What is being asked | Keep the pictures out while you transcribe the listing below exactly.

Provided material |
++++++++++

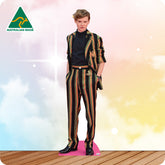 Mannequin wearing a colorful suit with 'Australian Made' logo in the corner.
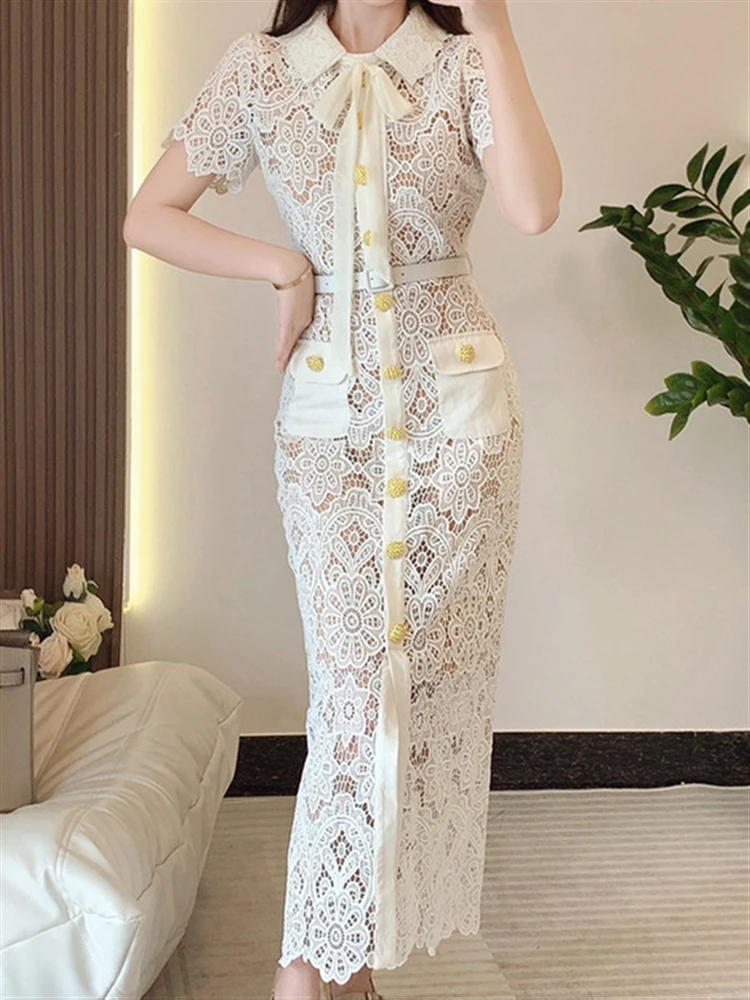 

Woman A-Line Boho Elegant Summer Vintage Party Embroidery Sexy Solid 2023 Dress Dresses Women Lace Short Sleeve Mesh Vestido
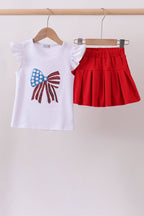 White bow sequin skort set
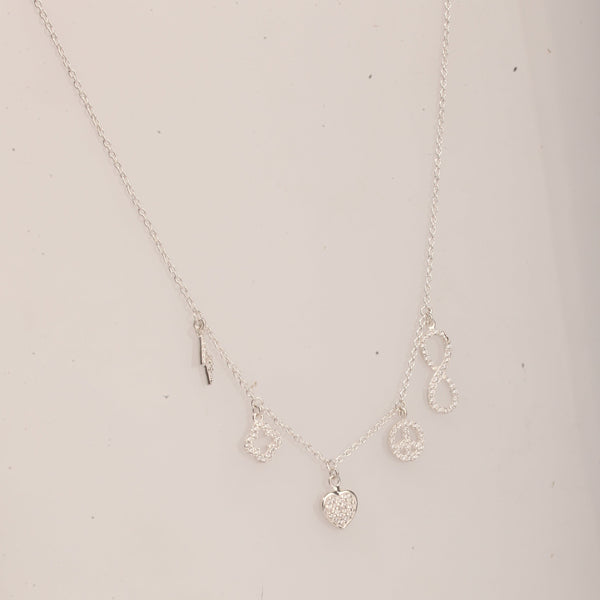 Blisse Allure Sterling Silver Charms Necklace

++++++++++

Solution |
 Mannequin wearing a colorful suit with 'Australian Made' logo in the corner.

Woman A-Line Boho Elegant Summer Vintage Party Embroidery Sexy Solid 2023 Dress Dresses Women Lace Short Sleeve Mesh Vestido
 White bow sequin skort set
 Blisse Allure Sterling Silver Charms Necklace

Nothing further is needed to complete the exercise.